I liked this play design on the opening drive to create an explosive play for Rice— Ron Kopp Jr. (@Ron_Kopp) January 3, 2024
Lining up in a tighter slot, Rice runs the slide route off play action. That catches backside defenders off-guard, who see Kelce stay in & get flat footed
Easy catch and run for 18 yards pic.twitter.com/qVBmk2tdm4
On the opening drive, wide receiver Rashee Rice aligns tight to the offensive line in the slot. This allows him to quickly get to the opposite side of the field on a play-action bootleg. The hard run fake fools the back side defenders — especially because Kelce stays in to block.
Rice led the team in explosive receptions against Cincinnati, adding two more before the final whistle.
After a similar play fell incomplete last week, it was nice to see Mahomes & Rice on the same page for this 24-yard gain— Ron Kopp Jr. (@Ron_Kopp) January 3, 2024
It's also what made the 67-yard catch possible: Both players recognize the Bengals' blown coverage, and hook up in rhythm pic.twitter.com/Qea2cfInyU
This 24-yard gash is a great example of Rice continuing to improve his chemistry with Mahomes. In Week 16, a very similar route fell incomplete — but this time, it is executed seamlessly.
Rice’s 67-yard reception was an encouraging sign for both the wideout and the quarterback. The Bengals blew their Cover 2 shell — and both Rice and Mahomes saw the opportunity for a vertical pass. So Rice adjusted to keep moving upfield and Mahomes threw it to him without a hiccup.
The Chiefs also executed a vertical shot without the help of a blown coverage.
#Chiefs need to make teams pay for playing Cover 1 more— Ron Kopp Jr. (@Ron_Kopp) January 3, 2024
This is a great example. Kelce & other underneath routes are focused on, leaving room Watson to the deep sideline on 3rd down
Great route & great throw pic.twitter.com/bB7VFTmb98
On this third down, the Bengals commit to taking away underneath options — just like so many other teams have done this season. The one-high look gives wide receiver Justin Watson space to operate on a corner route that shows great spacing and timing. Mahomes’ beautiful throw gains 41 yards.
This is where Watson is at his best — and why he is the one receiver with whom Mahomes appears to be the most confident on downfield throws. In the postseason, teams will continue to bait Kansas City with one-high looks. In order to get the best advantage, Watson — not Marquez Valdes-Scantling — needs to be the primary deep-route runner.
3. Conservative execution
The lowlight from Sunday’s offensive performance was the lack of touchdowns: only one of the seven scoring possessions ended in six points; after the opening drive, the two remaining red-zone trips turned into field goals.

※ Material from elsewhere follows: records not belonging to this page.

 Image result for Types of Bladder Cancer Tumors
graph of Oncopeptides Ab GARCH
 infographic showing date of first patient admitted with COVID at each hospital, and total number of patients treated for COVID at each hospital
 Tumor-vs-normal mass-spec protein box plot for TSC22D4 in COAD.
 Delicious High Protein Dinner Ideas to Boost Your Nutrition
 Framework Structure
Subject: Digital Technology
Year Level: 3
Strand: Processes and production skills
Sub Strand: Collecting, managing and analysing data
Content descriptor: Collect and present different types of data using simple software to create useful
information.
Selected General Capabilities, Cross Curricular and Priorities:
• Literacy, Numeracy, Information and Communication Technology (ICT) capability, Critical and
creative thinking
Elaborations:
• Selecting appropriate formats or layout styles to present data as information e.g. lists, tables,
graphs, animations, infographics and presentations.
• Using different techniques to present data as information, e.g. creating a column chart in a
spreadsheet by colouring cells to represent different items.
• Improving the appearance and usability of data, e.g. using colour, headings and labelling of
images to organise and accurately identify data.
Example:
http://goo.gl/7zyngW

#Chiefs need to finish drives more than they did v. Cincy, but many of the FGs were set up by conservative play from Mahomes late in drives— Ron Kopp Jr. (@Ron_Kopp) January 3, 2024
No throws to the EZ. Many checkdowns. That might be the nature of the team this playoffs: not forcing mistakes, leaning on the defense pic.twitter.com/Grj94cvOjt
In the first-and-goal play on the opening drive, Mahomes plays it safe while passing in the red zone. Wide receiver Justyn Ross runs a post pattern, which actually opens up a window underneath for Watson. Once Mahomes passes that up to scramble, Ross puts himself in position for a jump ball in the corner of the end zone — but the gunslinger keeps it in his holster.

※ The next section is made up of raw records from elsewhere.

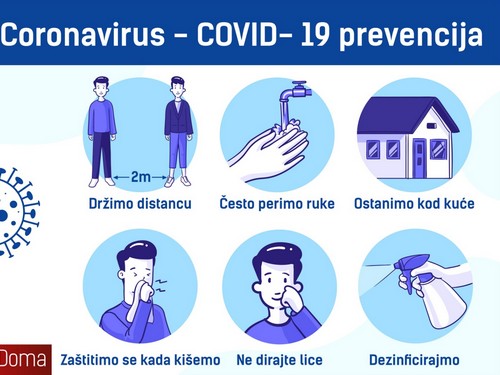 koronavirus koronavirus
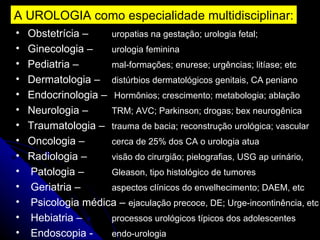 A UROLOGIA como especialidade multidisciplinar: Obstetrícia –  uropatias na gestação; urologia fetal; Ginecologia –  urologia feminina Pediatria –  mal-formações; enurese; urgências; litíase; etc Dermatologia –   distúrbios dermatológicos genitais, CA peniano Endocrinologia –  Hormônios; crescimento; metabologia; ablação Neurologia –  TRM; AVC; Parkinson; drogas; bex neurogênica Traumatologia –  trauma de bacia; reconstrução urológica; vascular Oncologia –  cerca de 25% dos CA o urologia atua Radiologia –  visão do cirurgião; pielografias, USG ap urinário, Patologia –   Gleason, tipo histológico de tumores Geriatria –  aspectos clínicos do envelhecimento; DAEM, etc Psicologia médica –  ejaculação precoce, DE; Urge-incontinência, etc Hebiatria –  processos urológicos típicos dos adolescentes Endoscopia -  endo-urologia 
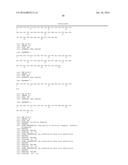 Humanized Anti-HLA-DR Antibodies diagram and image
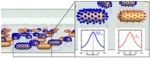Gold Nano-Particle Sensors Can Detect Numerous Proteins Simultaneously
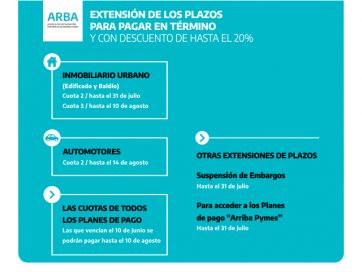 Coronavirus: Arba anunció nuevos beneficios en impuestos y planes de pagos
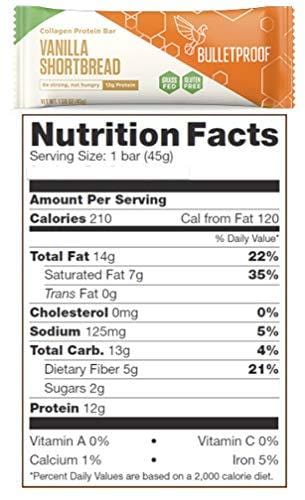 Bulletproof Collagen Bars Flavor Bundle | 10 Bars, 5 Flavors | Bulletproof Collagen Protein Bars Chocolate Fudge Brownie, Chocolate Chip Cookie Dough, Vanilla Shortbread, Lemon, Mint Chocolate Chip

The next play shows a third down later in the game, where the Chiefs align Ross in position to run a goal-line fade. Mahomes doesn’t give him the one-on-one shot — and eventually loses yards on the checkdown. Throughout the afternoon, Mahomes refused to force a throw into the end zone.

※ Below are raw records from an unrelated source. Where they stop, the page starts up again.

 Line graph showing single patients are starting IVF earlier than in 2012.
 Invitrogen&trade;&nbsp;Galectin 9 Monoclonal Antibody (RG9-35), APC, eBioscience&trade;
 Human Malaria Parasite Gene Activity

It wasn’t the cause of every red-zone stop — there was also some conservative play-calling — but either way, each drive still ended in points. Those still added up to a win — and may indicate how this offense will operate in the postseason.
The bottom line
Let’s face it: the Kansas City defense is very good. It is primed to make a difference in postseason games. It feels like the Chiefs’ offense needs to lean on that, helping its cause with a strong rushing attack, solid execution on explosive passes — when they’re there — and being careful not to force anything.